Over on AVG Blogs, Roger Thompson blogged about what happened when he was traveling and his credit card was declined because he hadn’t alerted his bank he’d be traveling. In order to get his card un-suspended, he had to answer some security questions for the bank’s Fraud department. And that’s when it got scary. Roger writes:
Ok, so that’s a pain, but at least they’re looking out for me, so I answered all the questions… “Last four of social, please”… “What accounts do you have with us?”… “Mother’s maiden name?” etc.
Here’s the scary bit… The guy says, “And now, sir, just a couple more questions, please. This is from publically available information. What age-range would best describe this person?”, and he proceeded to ask me about my _daughter-in-law_…. Using her maiden name, and she’s been married for nine years!!!!!

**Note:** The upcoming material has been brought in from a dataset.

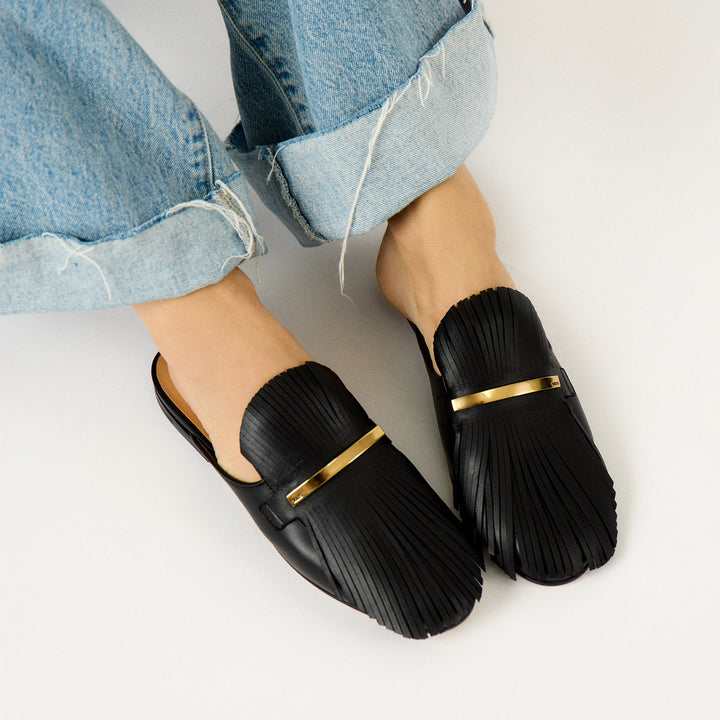 Fringed Leather Mules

Now I answered the question correctly, and they un-suspended the card. I paid the bill, and headed for the airport.
I had one question thundering through my mind.
How did the bank associate me with her??????????????????????
I _refuse_ to believe it was “publically available information”.
We have no connection on _any_ bank accounts, or legal documents.
She hasn’t used her maiden name for nine years. I’d have been less suspicious if they’d asked me about her married name.
She’s _not_ a big computer user.
The _only_ place we connect as far as I’m _aware_ is that she’s a friend on Facebook!!!!!!!!!!
Now, I’m not accusing Facebook of _anything_, but one wonders…. I can’t believe Facebook would sell our data, so … is someone “harvesting” it?
Read more on Roger Thompson’s blog.
Similar situation. I had a hospital bill declined by the insurance company because I was not a member of that plan. The hospital had submitted the claim to my mother’s insurance company. The scary part, I have not been covered under my parent’s insurance for at least 23 years. The insurance company that they currently use is not the one they used 23 years ago. They have never been to the hospital that I had visited and there was no information given to the hospital about my parents. Worse yet, the hospital billing company insists that they claim had only been submitted to my insurance company. The only record that we have of this incident is an Explanation of Benefits (EOB) sent to my mother by her insurance company detailing the claim and the reason for denial. The hospital name, date of visit and dollar amount listed on the EOB also matched the information for my hospital visit and the patient name listed on the EOB was mine.
OK, that would freak me out, too. And it’s not like they can claim “publicly available information,” either. So where did your parents’ insurance company get that info if not directly from or indirectly from the hospital you went to? Was there an intermediary involved like an outsourced claims adjustment service?
This is also a HIPAA issue, as your PHI was exposed. If this is a recent event and you can’t get any satisfaction/real answers that make sense from the hospital where you were treated, think about submitting a complaint to HHS asking them to investigate the breach.